### GIVEN RECORDS
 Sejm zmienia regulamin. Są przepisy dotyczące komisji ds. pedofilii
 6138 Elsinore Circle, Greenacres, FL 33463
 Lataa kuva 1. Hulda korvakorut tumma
* * *
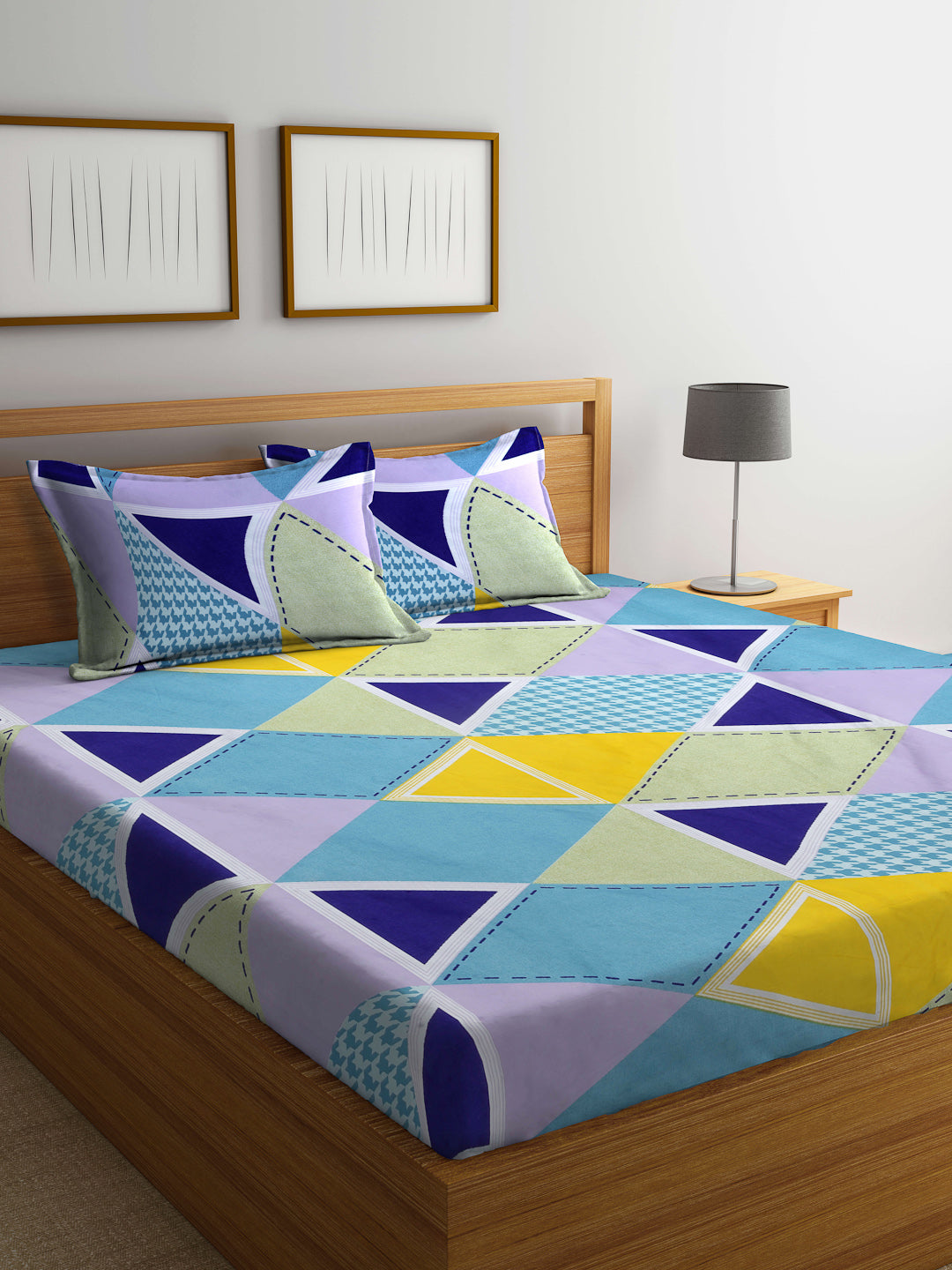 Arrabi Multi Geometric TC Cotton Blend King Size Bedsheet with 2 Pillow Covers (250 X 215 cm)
* * *
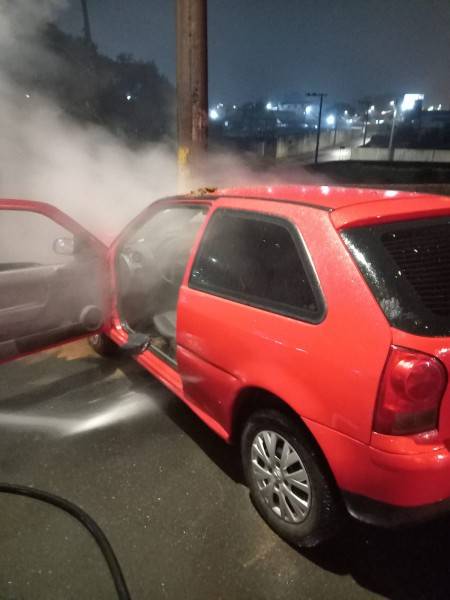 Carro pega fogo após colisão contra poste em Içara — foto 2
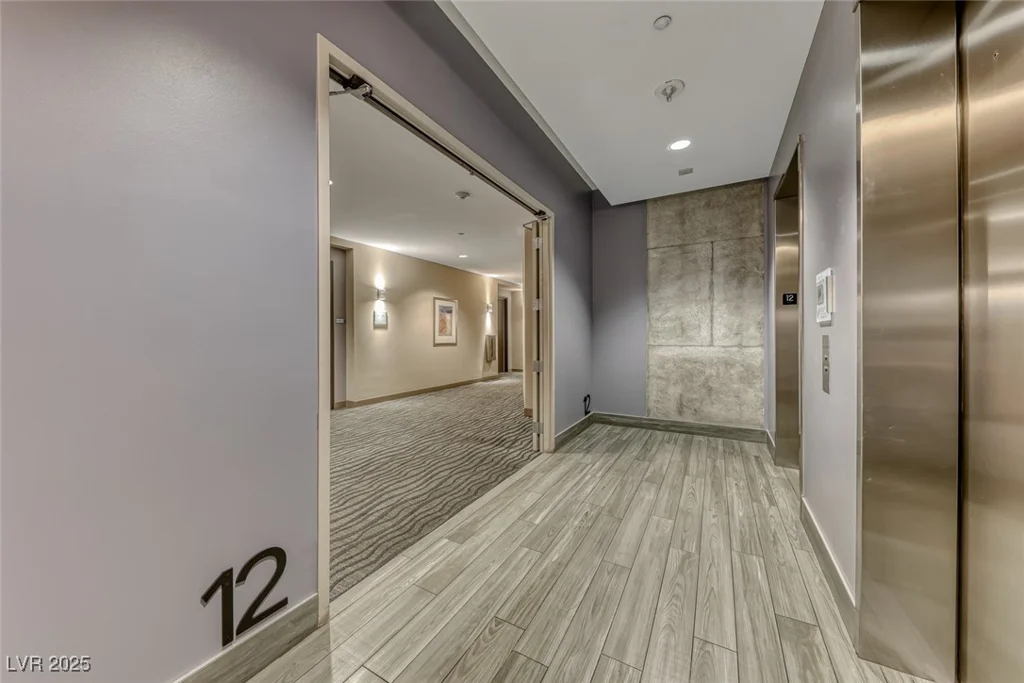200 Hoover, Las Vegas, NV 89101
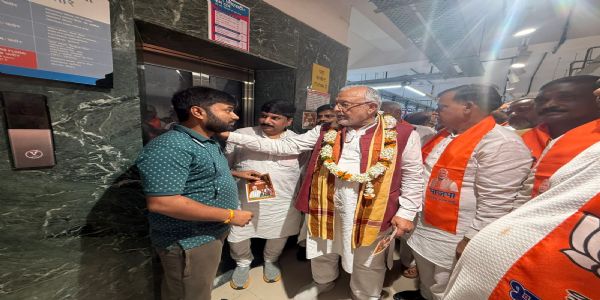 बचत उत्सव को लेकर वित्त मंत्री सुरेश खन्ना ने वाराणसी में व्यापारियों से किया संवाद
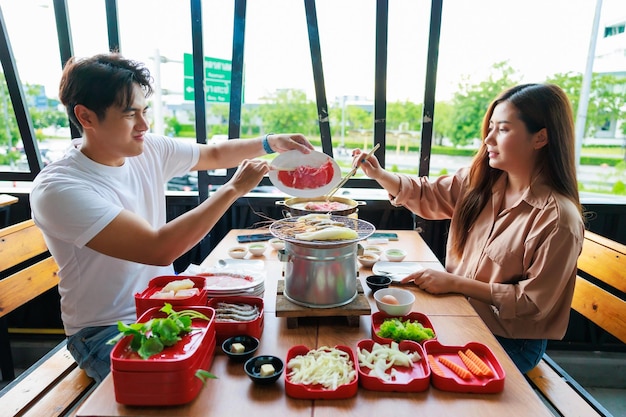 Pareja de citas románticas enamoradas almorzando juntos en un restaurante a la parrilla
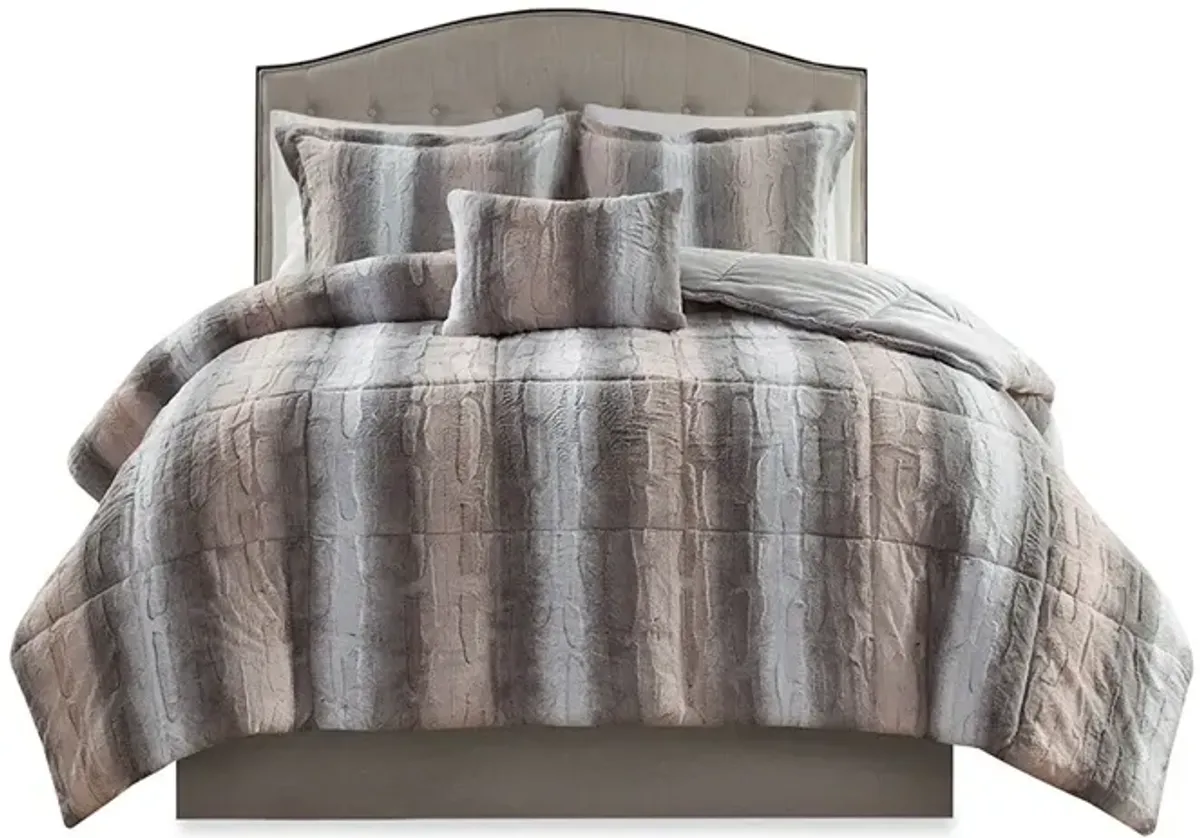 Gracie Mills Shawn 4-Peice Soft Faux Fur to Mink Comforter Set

### WHAT IS EXPECTED
As listed above, the lines from the line with "Sejm zmienia regulamin." to the line with "Lataa kuva 1. Hulda korvakorut tumma" are to be echoed exactly, with both ends included and nothing added.

### WRITTEN ANSWER
 Sejm zmienia regulamin. Są przepisy dotyczące komisji ds. pedofilii
 6138 Elsinore Circle, Greenacres, FL 33463
 Lataa kuva 1. Hulda korvakorut tumma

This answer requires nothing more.